# How to understand the answer of this probability problem?

In a room with many people, we ask each person his/her birthday. Let $N$ be the number of people queried until we get a "duplicate" birthday. Calculate $\mathbb{P}(N >n)$ for $n = 0,1,2,\dots$.

The solutions says

$$\mathbb{P} (N>n) = \displaystyle\frac{365}{365} \frac{364}{365} \dots \frac{365-n+1}{365}$$

I am curious to know how to achieve the answer? Thanks!

• Are you sure that the answer is requested for $n = 0$? Because your formula seems to gives a probability exceeding $1$ for $n = 0$ (it does depend on how one interprets the product). For $n = 1$, it is $\frac{365}{365}$ which is correct: you must ask more than one person in order to have a duplicate birthday. – Dilip Sarwate Sep 18 '12 at 17:53
• No, it doesn't. The solution is a product of $n$ factors, hecne the empty product with value 1 for $n=0$. – Hagen von Eitzen Sep 18 '12 at 17:57
• Note that $N>n$ if and only if the first $n$ people queried have distinct birthdays. – David Mitra Sep 18 '12 at 18:02

The chance that you have to ask more than 1 is clearly $1=\frac {365}{365}$ as the first person can't match. The chance that you have to ask more than 2 is $\frac {364}{365}$, as there is only one day to match. The third person has two chances to match, as we have been told that the first two are different, and so on.

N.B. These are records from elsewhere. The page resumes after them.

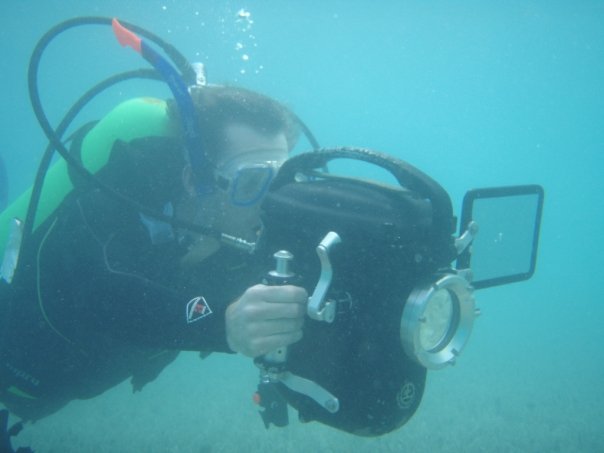 Producer/Director operates a 16mm bolex camera 40ft below the surface of the Atlantic Ocean on location in Bermuda.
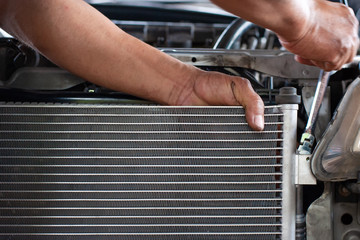 Hands of mechanic working in auto repair shop; check the car radiator - 329794432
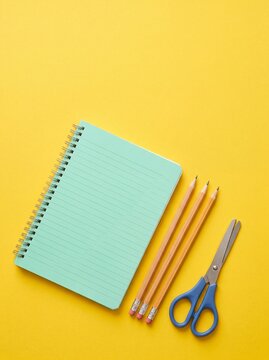 Mint Green Spiral Notebook with Three Pencils and Blue Scissors on Yellow Background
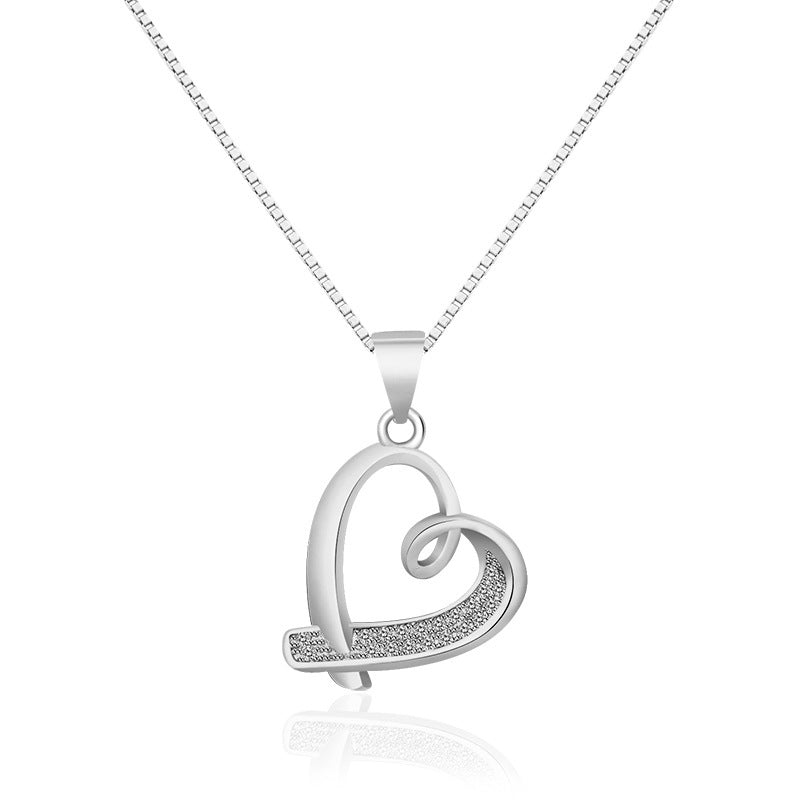 Damen Halskette mit elegantem Herzanhänger und funkelnden Zirkonia Shop Nory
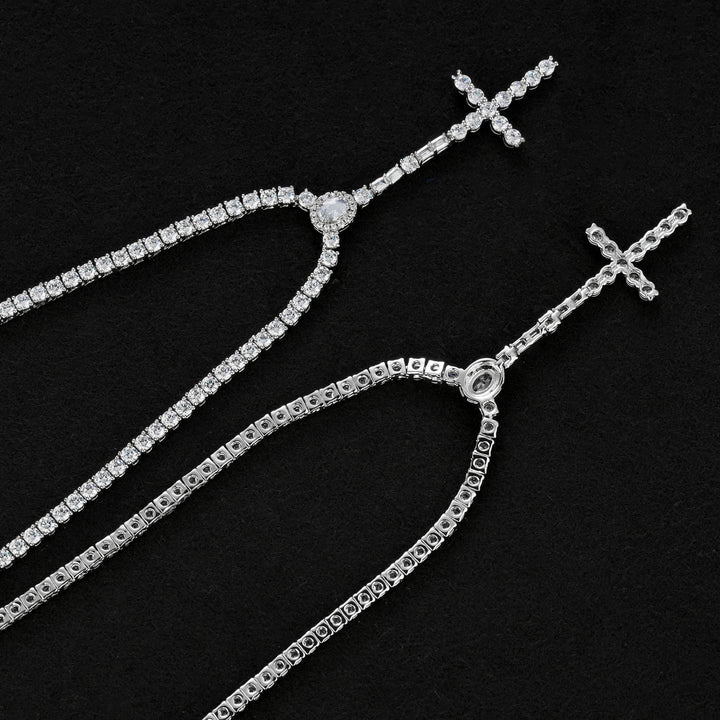 Front and reverse of the slender silver-tone cross drop tennis necklace showing open settings
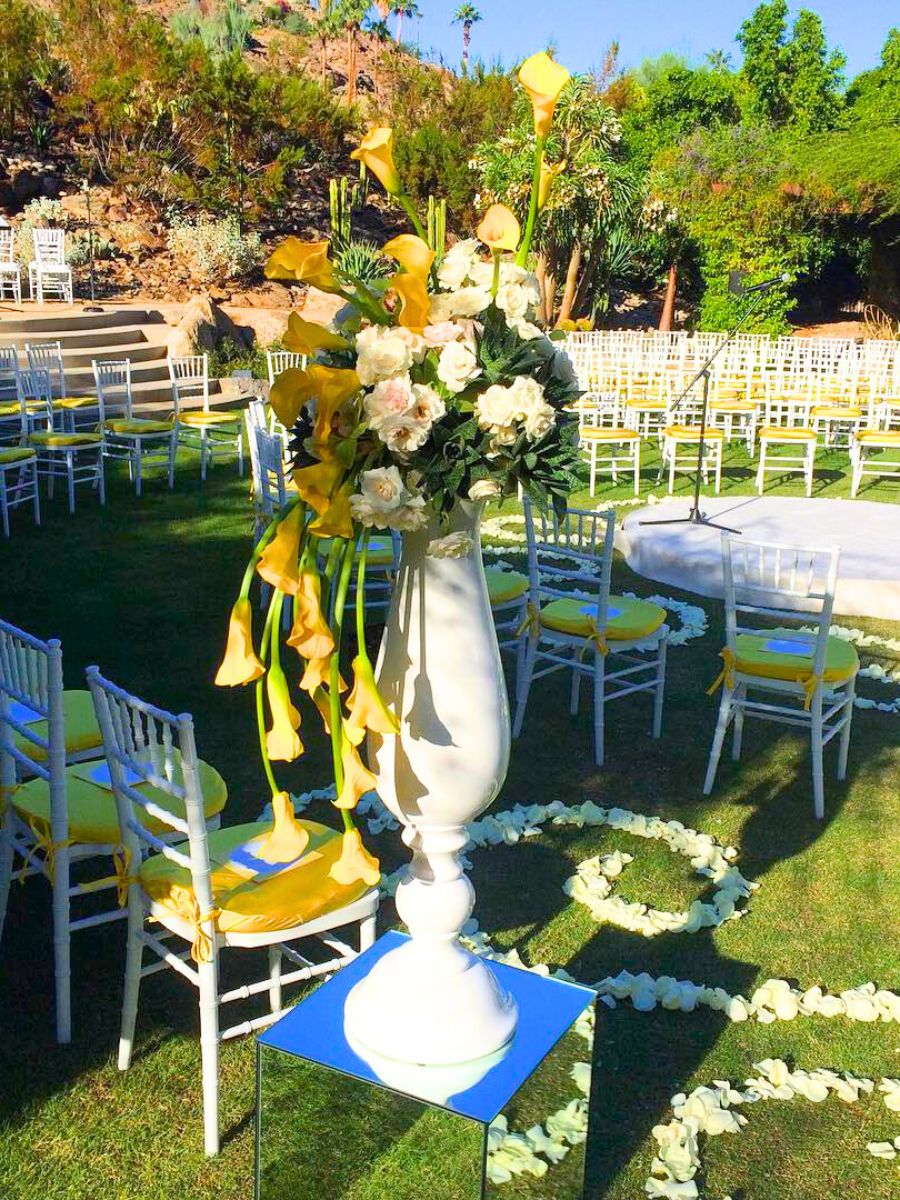 Yellow calla lilies in a wedding setting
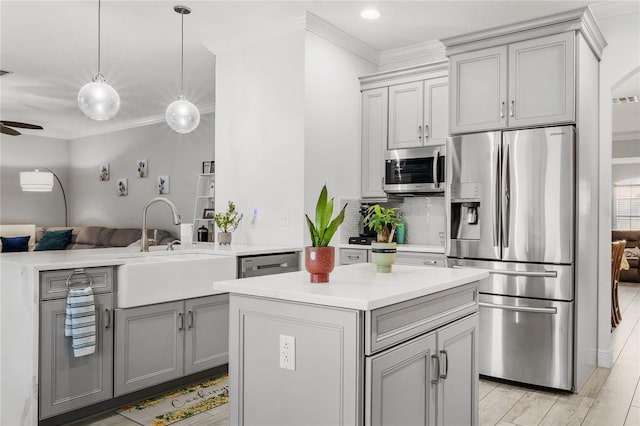 kitchen with crown molding, open floor plan, gray cabinets, stainless steel appliances, and a sink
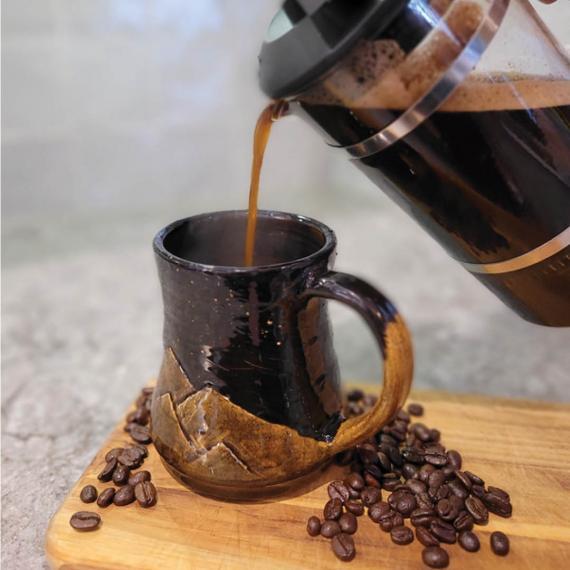 Coffee pouring from a french press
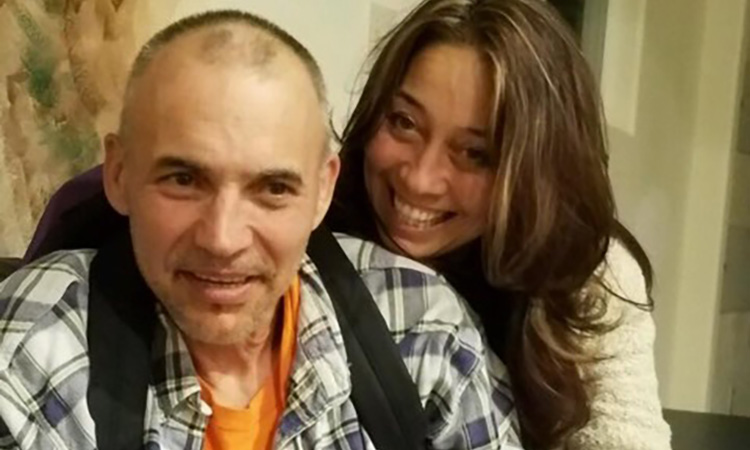 A man with a buzz cut wearing a backpack smiles while a woman with long brown hair hugs him from behind and smiles widely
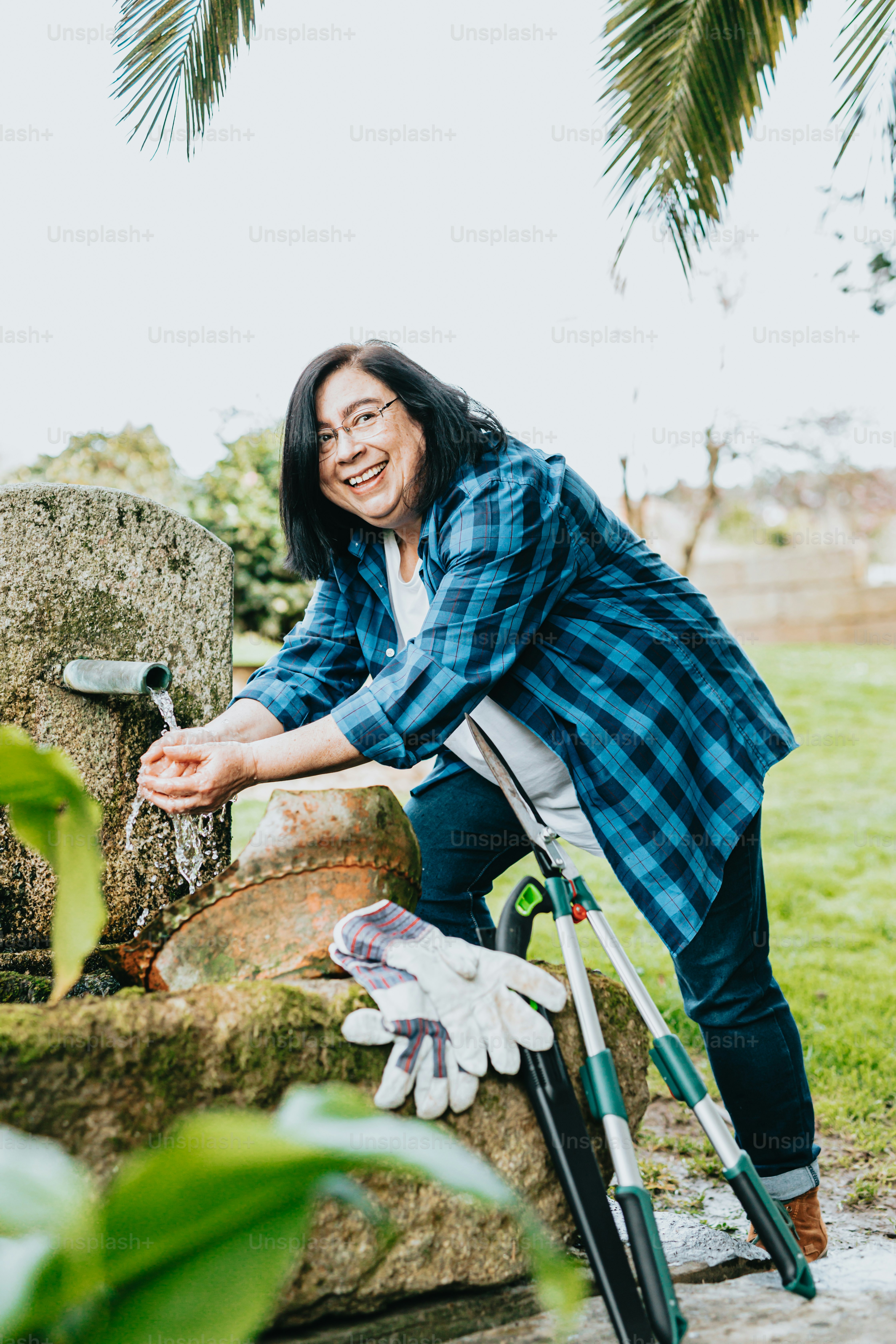 a woman in a plaid shirt is washing her hands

This problem is called birthday paradox. It is acutally a very interesting problem. In a group of $23$ people the probability that two of them will have exactly the same birthday is one half. If you think that there are $365$ days and $23$ people such a probability $p=0.5$ sounds a bit high perhaps.. though it is the probability..

There is also a very good exponential approximation to the problem. This problem is taught in cryptography lectures as it is important to know the probability of collisions if one wants to design some hash functions.